The tests will produce some error messages and stack traces - this is normal, as long as all tests pass.

Some tests are timed and will fail on a slow machine.

Build the benchmark application

sbt benchmark/run will run the benchmark application.

Build the library

To build all JARs:

sbt assembly

will prepare a joinrun, benchmark, lib, and macros JAR assemblies.

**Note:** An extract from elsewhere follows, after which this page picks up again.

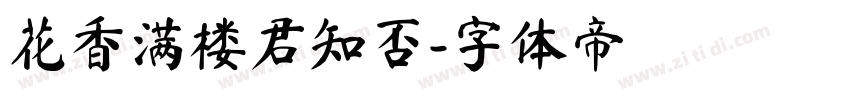 花香满楼君知否字体转换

The main library is in the joinrun JAR assembly. User code should depend on that JAR only.

Basic usage of JoinRun

Here is an example of “single-access non-blocking counter”. There is an integer counter value, to which we have non-blocking access via incr and decr molecules. We can also fetch the current counter value via the get molecule, which is blocking. The counter is initialized to the number we specify.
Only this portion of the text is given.